Start of Provided information

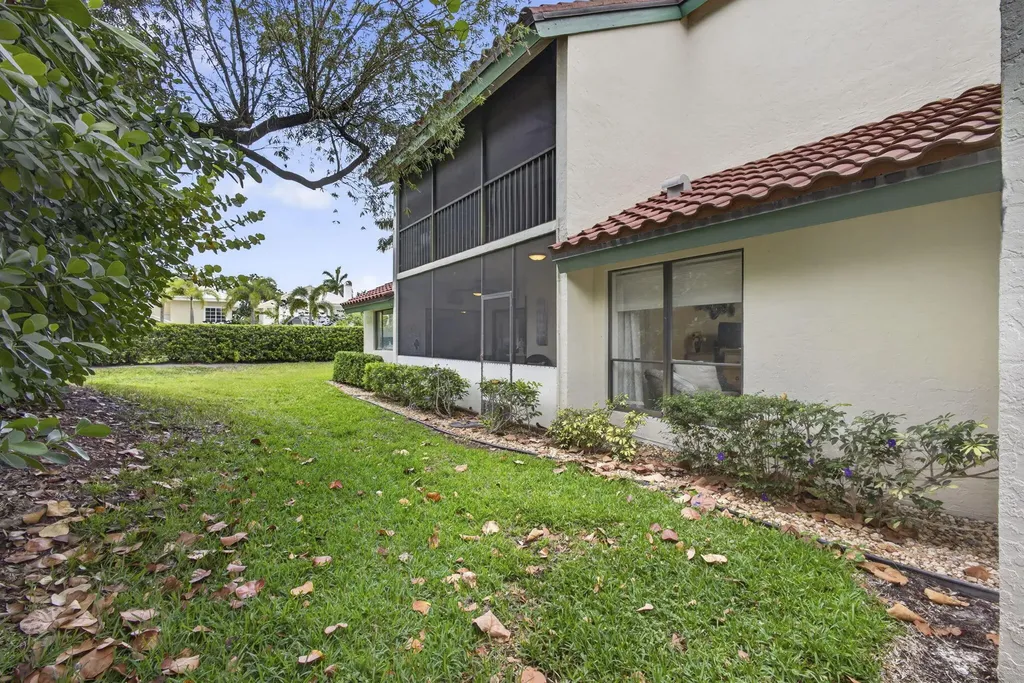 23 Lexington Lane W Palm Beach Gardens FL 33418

End of Provided information
Start of Provided information

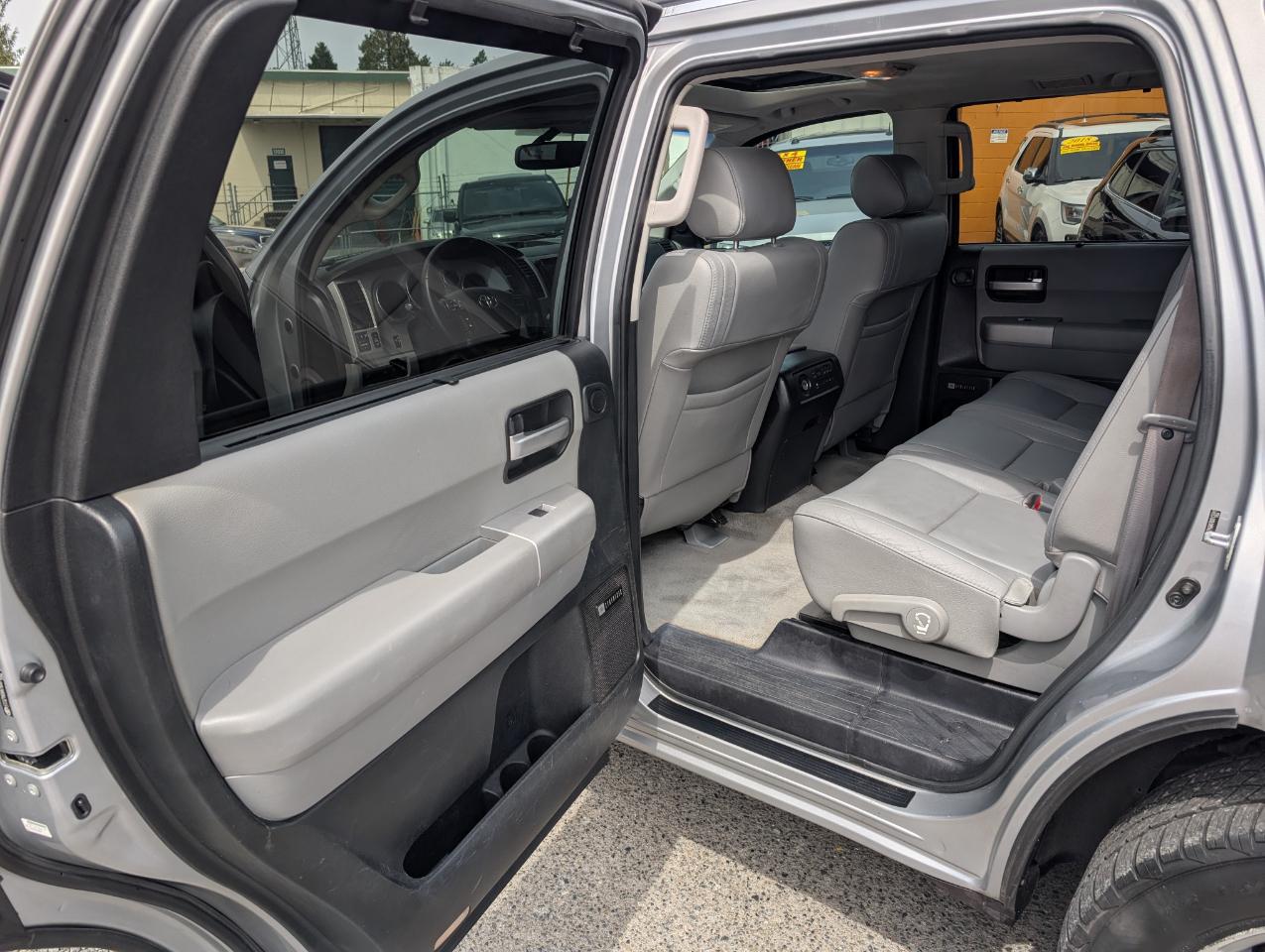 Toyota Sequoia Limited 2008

End of Provided information
Start of Provided information

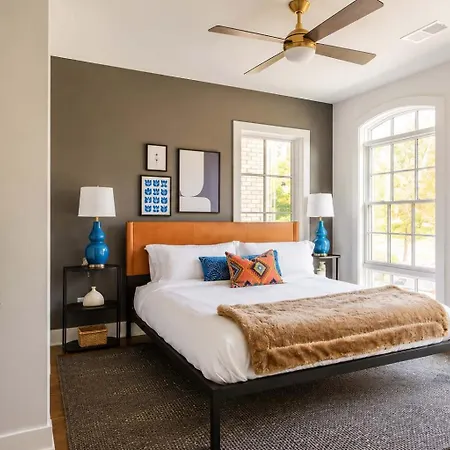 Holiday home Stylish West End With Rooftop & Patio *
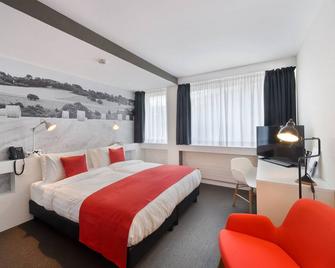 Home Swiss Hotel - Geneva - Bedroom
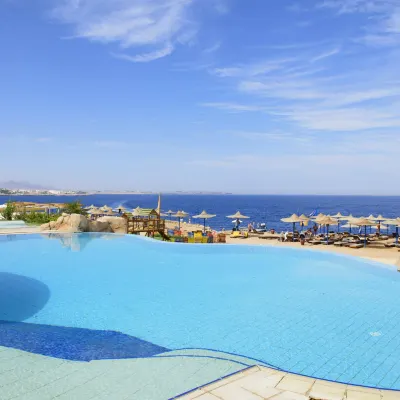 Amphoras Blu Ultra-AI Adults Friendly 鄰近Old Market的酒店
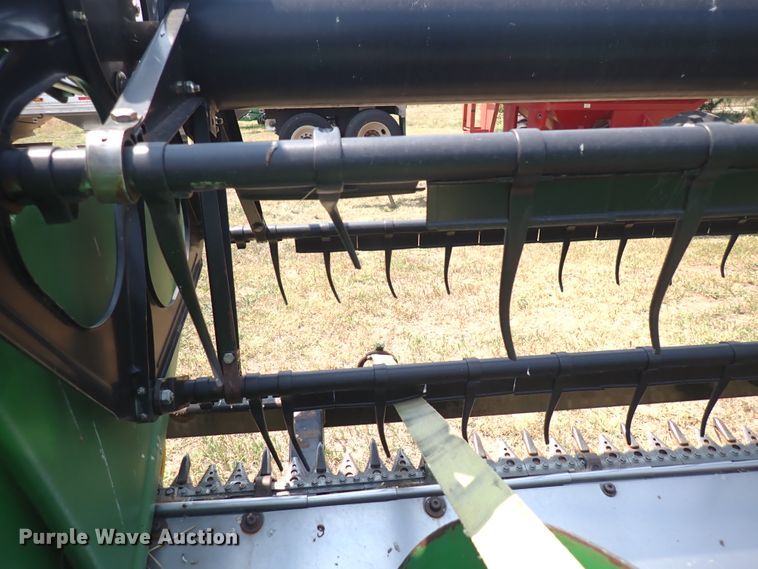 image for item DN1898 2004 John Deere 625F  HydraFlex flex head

End of Provided information

In the records above, find the line with "Holiday home Stylish" and the line with "image for item". Write out exactly those lines and every one between, with no pictures and no other lines.

◆ Solution below ◆
 Holiday home Stylish West End With Rooftop & Patio *
 Home Swiss Hotel - Geneva - Bedroom
 Amphoras Blu Ultra-AI Adults Friendly 鄰近Old Market的酒店
 image for item DN1898 2004 John Deere 625F  HydraFlex flex head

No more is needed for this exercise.